YourABA December 2011 Masthead

A new day for the Office of Special Counsel, say panelists at ABA program

There’s no denying that the Office of Special Counsel has seen some tough times, so it’s not surprising that—some 4 ½ months into the term of new special counsel, Carolyn Lerner—many are withholding judgment as to whether real change is forthcoming.

The OSC, recent developments in the Merit Systems Protection Board and federal circuit case law that impact whistleblowers, were among the topics of discussion during a  panel program in November sponsored by the Section of Administrative Law and Regulatory Practice’s Government Personnel Committee. 

As Mark Cohen, its deputy special counsel, explained, the OSC is a small, independent agency that provides a safe channel for federal employees to come forward with whistlelower disclosures and other complaints about prohibited personnel practices, and also promotes the integrity of civil service by ensuring that federal employees don’t participate in partisan activities on duty. 

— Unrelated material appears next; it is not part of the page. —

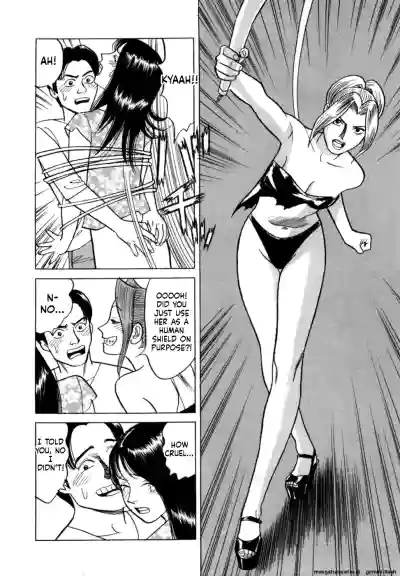 Page 153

Among the goals of the OSC vis-à-vis retaliation claims—again according to Cohen—are: ensure that the workplace is a friendly place for those with the courage to speak up; handle claims quickly, especially through alternative dispute resolution processes; facilitate better communications immediately following a claim; increase the frequency of customer satisfaction feedback opportunities; expand stays to protect employees against removal while claims are being investigated; and undertake a new pilot project to secure quicker resolution of retaliation claims.

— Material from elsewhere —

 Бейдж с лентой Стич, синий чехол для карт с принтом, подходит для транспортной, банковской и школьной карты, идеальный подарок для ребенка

Shirine Moazed, chief of the Washington field office of the OSC, spoke about the practical processing of whistleblower retaliation cases, where there is a requirement to show:  protected disclosure; personnel action; actual or constructive knowledge of the protected disclosure; and that the protected disclosure was a contributing factor in the personnel action.  

In handling a retaliation claim, said Moazed, the office seeks to keep investigations—like OSC’s overall processes—as transparent as possible.  Investigators and attorneys look at all the relevant evidence, including evidence provided by both complainants and agencies.  Moazed outlined some of the red flags that may result in her office moving forward with a claim.  If a really strong disclosure is made, there is greater motive to retaliate, and that grabs the attention of the OSC.  The agency also looks at the timing of the personnel action.  If an employer takes action the day after a disclosure is made, for example, that raises a red flag.

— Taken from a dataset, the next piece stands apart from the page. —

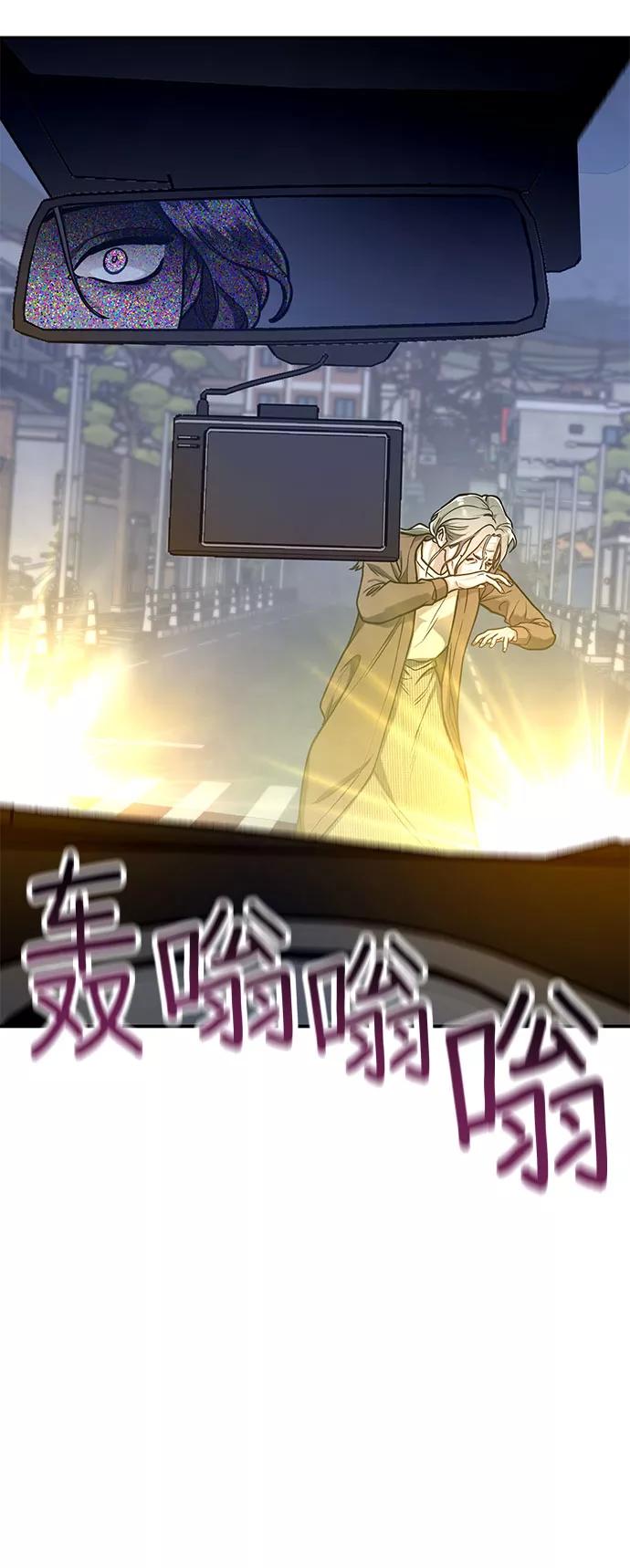 如出一辙的女儿 第61话 第62页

Additional issues that appear on the radar screen of OSC are a trail of emails; statements of animus—which are often found in interviewing witnesses; and  disproportionately harsh discipline taken against the employee.  The use of “chain of command” language by the employer is also a red flag.

The panelists also answered audience questions regarding mediation and its availability, dealing with classified information, and the availability of corrective and/or disciplinary action following retirement of an employee. 

Andrew J. Perlmutter, attorney at Passman & Kaplan, P.C., and co-chair of the Government Personnel Committee, served as moderator of the program.